TEA event to promote tech majors

Instructors at Missouri Southern have noticed an alarming trend, and they are working to reverse it.

Nationwide, only approximately 20 percent of bachelor’s degrees in engineering are earned by females.

To combat that statistic, Dr. Elke Howe, associate professor of engineering technology, Dr. Marsi Archer, professor of physical science, and Dr. Linda Hand, professor of mathematics, are putting on an event they’re calling Mother-Daughter TEA.

“When you hear it first, you probably think of a tea event, as in drinking hot tea and having some nice finger sandwiches and just having some social interaction,” Howe said. “But it’s actually more about technology and engineering. The T stands for technology, E, engineering, and then A, aptitude. So it’s a technology engineering aptitude event. So what we’re trying to do is we’re wanting to interest moms and teenage girls into the professions that have to do with science, math, engineering and technology.”

The event will take place from 10 a.m. to 2 p.m. on Saturday, March 3, in the Billingsly Student Center, room 309.

The event, which will include a provided lunch, will cost $5 per person, and the early registration deadline is today.

According to Howe, fliers for the event have been distributed throughout area high schools, as well as on Southern’s campus, and the fliers serve as registration forms.

“Unfortunately, a lot of girls think those types of careers are not for them,” Howe said. “And they can just as easily be engineers as males can be, so we want to open their eyes and their minds to those type of careers.”

Interested persons may call (417) 625-9766 with questions or for late registration.

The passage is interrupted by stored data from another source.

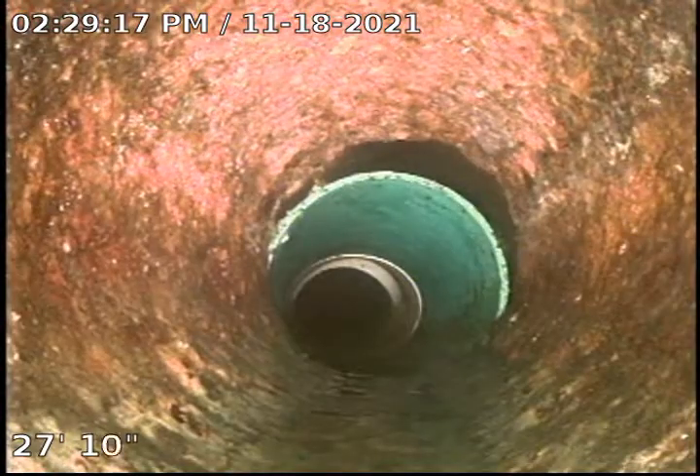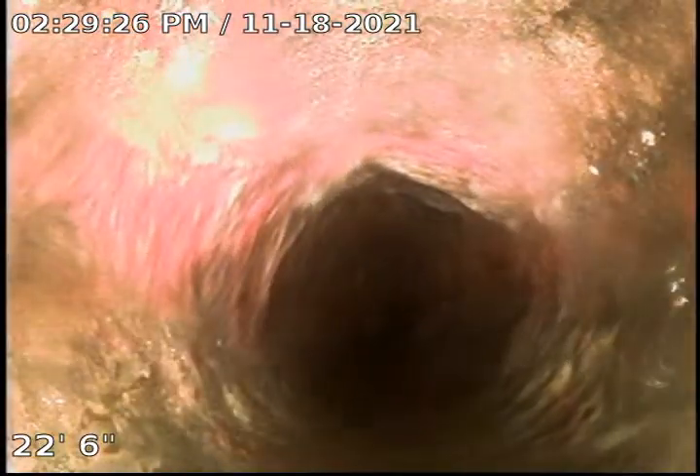Here we make our transition back to the cast iron underneath the home. Now the cast iron could use a descale, but other than that it looks pretty good.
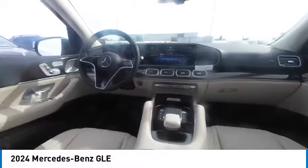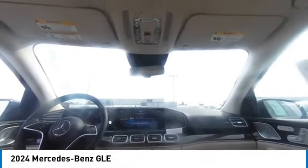Take this vehicle for a spin and see why so many shoppers are now proud owners.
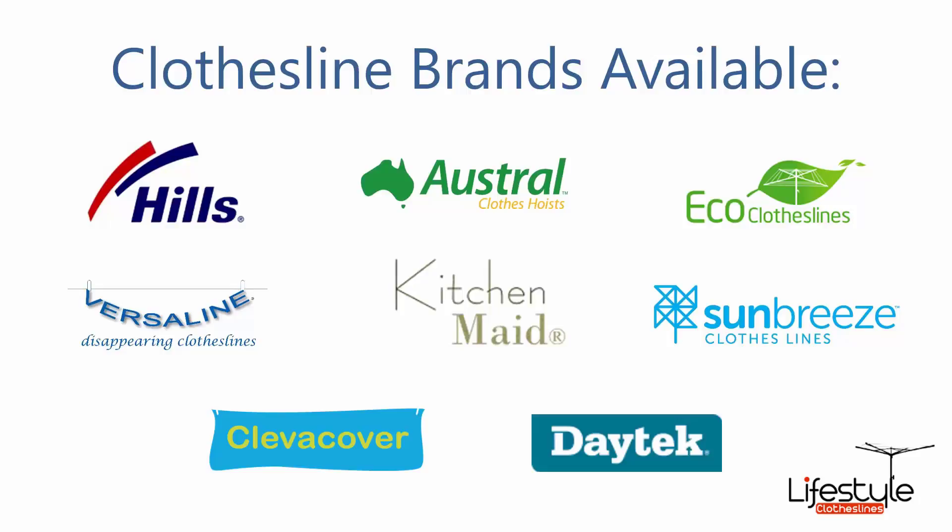All clothesline brands are available through Lifestyle Clotheslines, with Hills, Austral and Eco Clotheslines being some of the main three big ones that we do, but you can get a range of other brands as well.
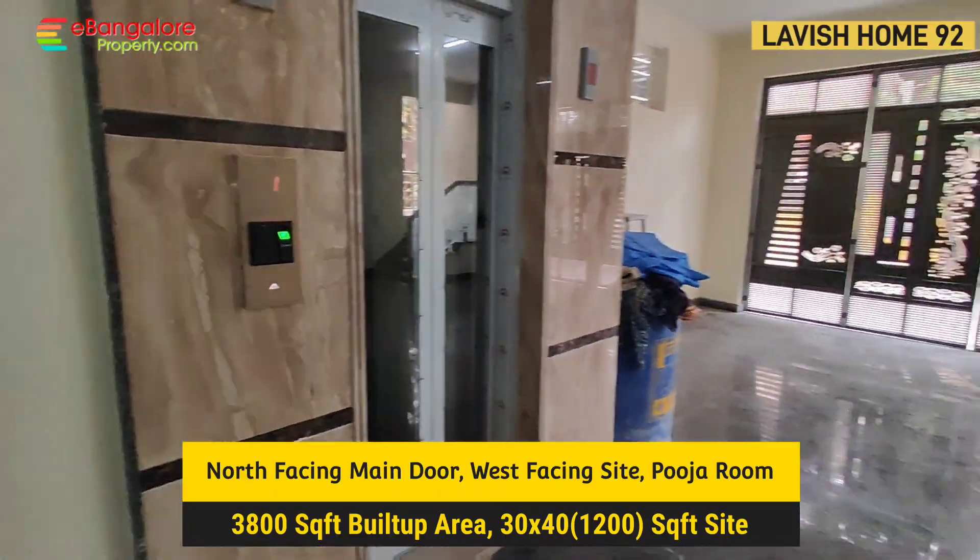Large headboard with storage and again a walk-in closet. Further attached bathroom is there as well.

 Howe, Archer and Hand have organized several activities for the teams of mothers and daughters, including prize giveaways and an exercise where attendees will have to work together to build something.

“It’s actually a national conversation that there’s not a lot of girls in the professions of science, math, engineering and technology,” Howe said. “And there’s lots of programs nationwide where universities, school systems, even the legislators, are trying to get girls into those careers, just to make the country overall more competitive … Here in engineering technology right now we have a couple women only. So for some reason, girls don’t consider those kinds of majors.”